Internet companies scramble to fix cache poisoning glitch

Last Modified: 11 Jul 2008
By: Benjamin Cohen

Internet groups including Microsoft have had to resolve a glitch which posed a potential security risk to information stored online.

The flaw allowed hackers to send users to online addresses which were not the ones they thought they were being directed to, a phenomenon known as "cache poisoning".

The hackers could then gather information users thought they were inputting elsewhere, or even trick users into making payments to fraudulent sources.

Unsurprisingly, there has been a scramble to fix the problem since it was first exposed earlier this year.

The existence of cache poisoning, and the fact that it can be utilised by hackers, is a perfect illustration of both the fragility and the strength of the internet.

It is fragile because by performing what is, in effect, a rather simple function, hackers and other criminals could con millions of us into visiting fake versions of websites.

For example, they could create a fake version of Paypal that then collected data, allowing criminals to both commit both identity theft and to steal money.
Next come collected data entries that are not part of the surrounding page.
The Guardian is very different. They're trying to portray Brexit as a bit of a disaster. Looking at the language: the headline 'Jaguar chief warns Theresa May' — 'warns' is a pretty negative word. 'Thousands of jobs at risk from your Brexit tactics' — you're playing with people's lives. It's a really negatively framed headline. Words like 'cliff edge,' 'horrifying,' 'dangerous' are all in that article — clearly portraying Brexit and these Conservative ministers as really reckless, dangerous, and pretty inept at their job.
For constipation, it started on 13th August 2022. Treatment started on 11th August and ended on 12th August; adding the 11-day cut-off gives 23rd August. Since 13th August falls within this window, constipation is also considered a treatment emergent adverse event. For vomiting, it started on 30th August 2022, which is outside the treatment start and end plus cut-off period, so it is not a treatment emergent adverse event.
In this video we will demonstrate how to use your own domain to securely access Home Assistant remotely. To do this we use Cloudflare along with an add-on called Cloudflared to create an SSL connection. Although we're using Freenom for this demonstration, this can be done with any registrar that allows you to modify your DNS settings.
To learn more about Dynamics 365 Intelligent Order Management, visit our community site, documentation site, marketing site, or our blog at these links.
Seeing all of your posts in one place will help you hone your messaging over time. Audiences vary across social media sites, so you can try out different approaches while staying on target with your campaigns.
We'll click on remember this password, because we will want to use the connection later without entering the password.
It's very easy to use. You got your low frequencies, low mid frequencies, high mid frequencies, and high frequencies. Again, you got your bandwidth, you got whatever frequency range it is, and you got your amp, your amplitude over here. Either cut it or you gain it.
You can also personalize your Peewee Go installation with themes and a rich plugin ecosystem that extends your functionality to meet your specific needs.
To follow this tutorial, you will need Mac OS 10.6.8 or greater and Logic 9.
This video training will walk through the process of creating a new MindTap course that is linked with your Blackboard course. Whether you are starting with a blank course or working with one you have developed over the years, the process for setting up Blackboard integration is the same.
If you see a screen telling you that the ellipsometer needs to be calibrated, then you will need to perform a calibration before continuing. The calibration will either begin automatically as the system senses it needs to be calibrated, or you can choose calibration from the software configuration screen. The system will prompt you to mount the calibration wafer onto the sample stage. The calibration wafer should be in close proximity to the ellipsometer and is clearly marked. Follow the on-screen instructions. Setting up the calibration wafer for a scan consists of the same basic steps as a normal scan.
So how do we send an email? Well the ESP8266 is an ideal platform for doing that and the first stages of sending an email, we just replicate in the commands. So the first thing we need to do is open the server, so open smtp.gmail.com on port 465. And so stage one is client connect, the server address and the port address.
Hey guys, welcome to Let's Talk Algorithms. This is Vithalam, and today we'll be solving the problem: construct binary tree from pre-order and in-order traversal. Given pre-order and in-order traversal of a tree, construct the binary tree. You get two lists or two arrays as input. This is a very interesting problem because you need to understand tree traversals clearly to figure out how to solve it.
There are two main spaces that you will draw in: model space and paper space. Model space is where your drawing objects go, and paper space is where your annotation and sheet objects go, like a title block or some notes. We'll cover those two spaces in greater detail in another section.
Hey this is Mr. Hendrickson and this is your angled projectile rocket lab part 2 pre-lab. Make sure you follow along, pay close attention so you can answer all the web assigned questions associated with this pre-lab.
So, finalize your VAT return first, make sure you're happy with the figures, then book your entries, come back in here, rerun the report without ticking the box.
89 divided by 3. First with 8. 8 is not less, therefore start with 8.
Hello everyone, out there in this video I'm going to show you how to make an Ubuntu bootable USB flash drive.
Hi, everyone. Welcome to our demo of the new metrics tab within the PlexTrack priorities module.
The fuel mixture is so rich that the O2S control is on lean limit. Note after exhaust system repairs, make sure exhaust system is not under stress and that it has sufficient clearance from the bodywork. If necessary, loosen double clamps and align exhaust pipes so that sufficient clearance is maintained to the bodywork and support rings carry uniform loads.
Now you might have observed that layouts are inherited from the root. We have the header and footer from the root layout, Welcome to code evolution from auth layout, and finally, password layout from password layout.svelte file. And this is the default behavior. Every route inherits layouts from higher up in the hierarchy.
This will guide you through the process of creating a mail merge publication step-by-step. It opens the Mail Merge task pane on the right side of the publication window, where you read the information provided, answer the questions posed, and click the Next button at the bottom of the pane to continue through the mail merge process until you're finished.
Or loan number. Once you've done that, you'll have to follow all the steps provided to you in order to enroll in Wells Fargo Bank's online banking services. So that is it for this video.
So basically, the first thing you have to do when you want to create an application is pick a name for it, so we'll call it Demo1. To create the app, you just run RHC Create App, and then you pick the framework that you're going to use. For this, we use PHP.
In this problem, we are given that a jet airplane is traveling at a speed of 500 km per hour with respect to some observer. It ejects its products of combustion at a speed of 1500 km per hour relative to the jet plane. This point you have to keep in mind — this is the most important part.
It's worrying that the flaw has only been discovered now. And although the experts say it has not been exploited before, we can never be sure.

The interconnectivity of the internet means that if one part is affected, then the rest can be: it's fragile.

But, in a sense, the speed with which the IT industry has reacted to this flaw is testament to the internet's strength. The interconnectivity that makes it fragile meant that it was in everyone's interest to quickly deploy remedies to the problem.

The internet is in a sense public space.